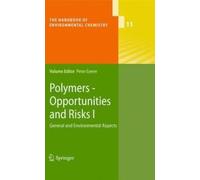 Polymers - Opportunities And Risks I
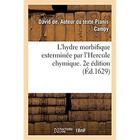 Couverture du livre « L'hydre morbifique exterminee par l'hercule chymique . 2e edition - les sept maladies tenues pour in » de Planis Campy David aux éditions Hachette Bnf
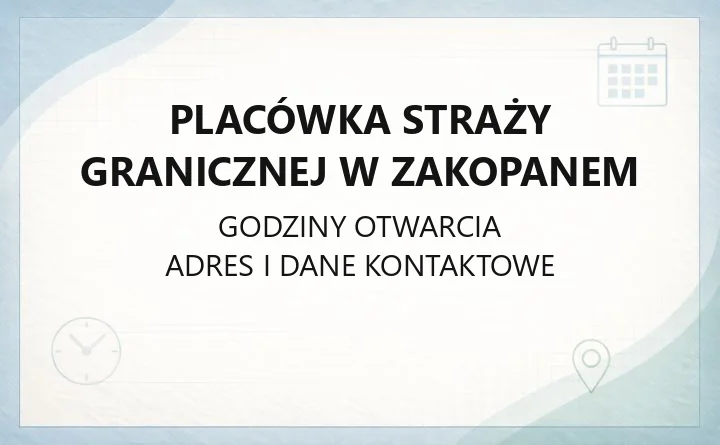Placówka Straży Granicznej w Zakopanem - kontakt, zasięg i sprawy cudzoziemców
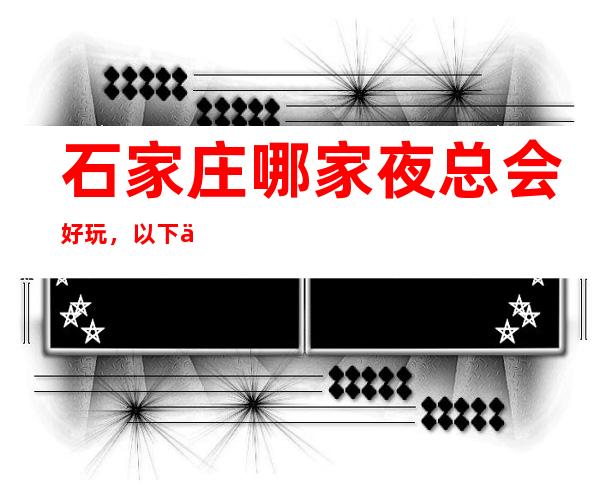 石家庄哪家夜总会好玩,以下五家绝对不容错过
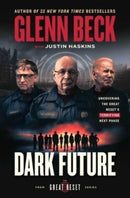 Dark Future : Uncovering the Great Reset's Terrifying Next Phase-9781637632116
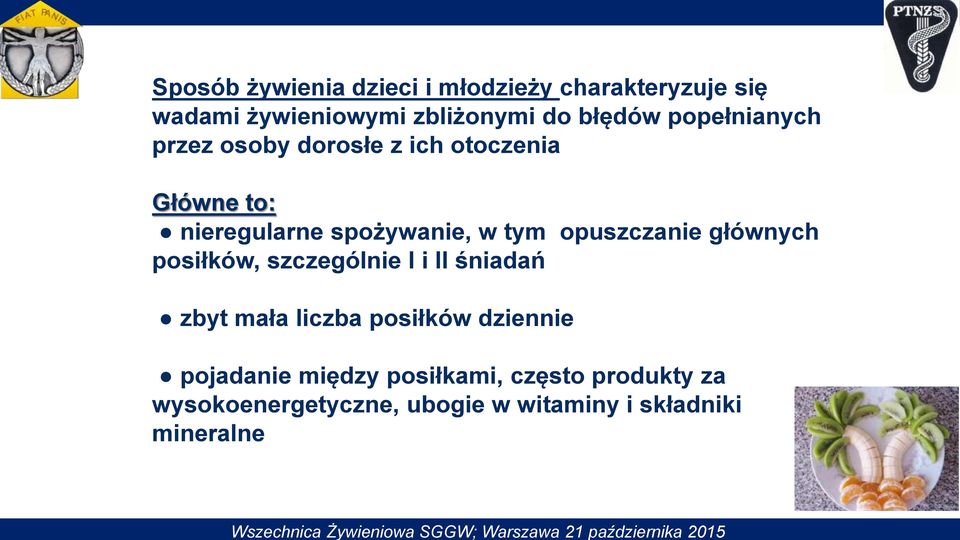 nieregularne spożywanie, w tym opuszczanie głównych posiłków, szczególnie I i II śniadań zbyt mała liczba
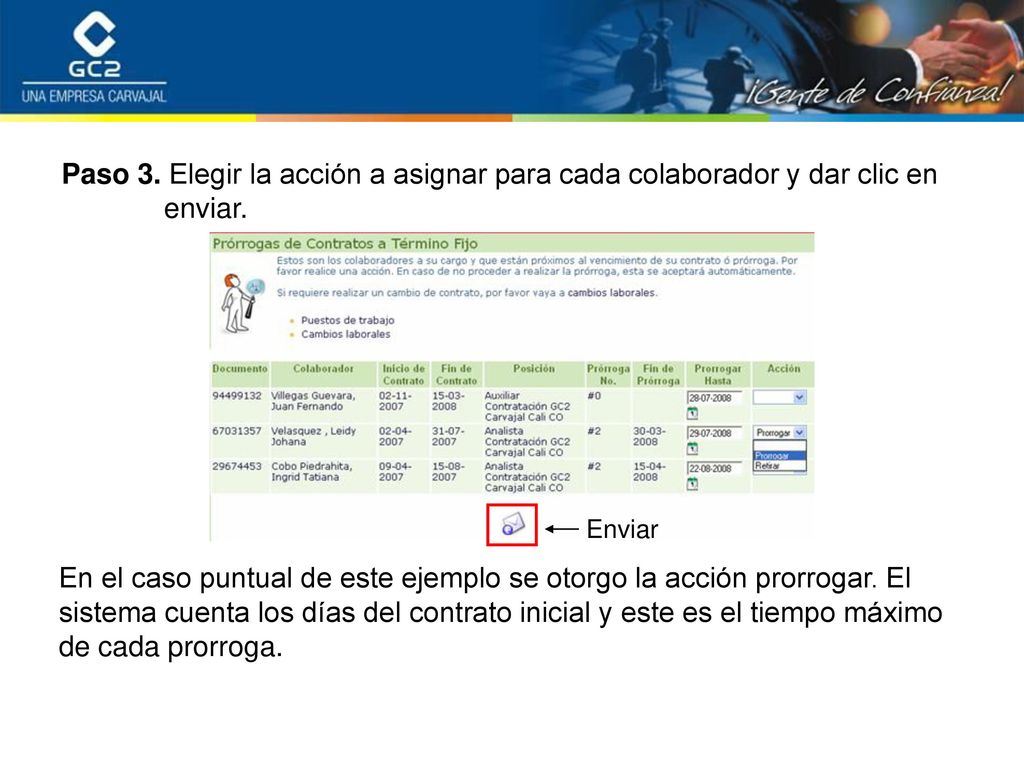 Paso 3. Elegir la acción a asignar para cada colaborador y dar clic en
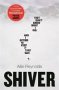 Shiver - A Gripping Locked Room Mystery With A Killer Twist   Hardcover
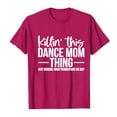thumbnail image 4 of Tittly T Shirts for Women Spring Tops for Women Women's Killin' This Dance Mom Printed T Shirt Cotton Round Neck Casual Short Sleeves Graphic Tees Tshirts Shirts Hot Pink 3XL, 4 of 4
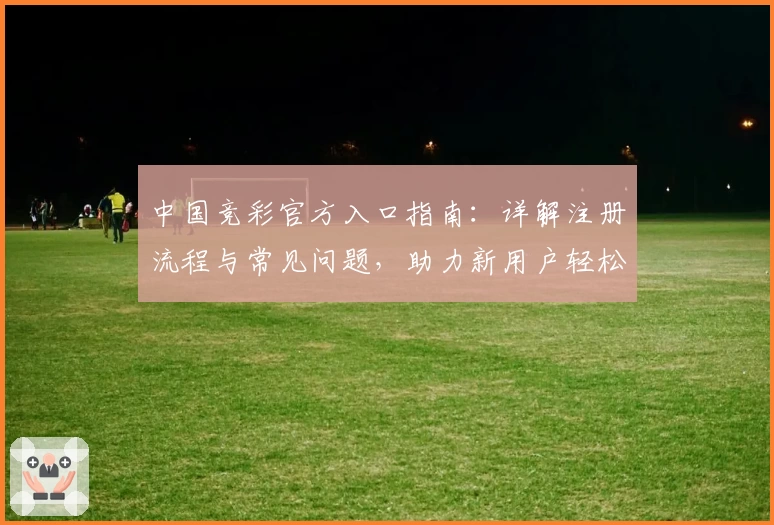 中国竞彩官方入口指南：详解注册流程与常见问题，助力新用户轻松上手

....

Beginning at the line that contains "Paso 3. Elegir", copy each remaining line of the records exactly, through the final one. Omit the pictures.

FINISHED EXERCISE =>
 Paso 3. Elegir la acción a asignar para cada colaborador y dar clic en
 Shiver - A Gripping Locked Room Mystery With A Killer Twist   Hardcover
thumbnail image 4 of Tittly T Shirts for Women Spring Tops for Women Women's Killin' This Dance Mom Printed T Shirt Cotton Round Neck Casual Short Sleeves Graphic Tees Tshirts Shirts Hot Pink 3XL, 4 of 4
 中国竞彩官方入口指南：详解注册流程与常见问题，助力新用户轻松上手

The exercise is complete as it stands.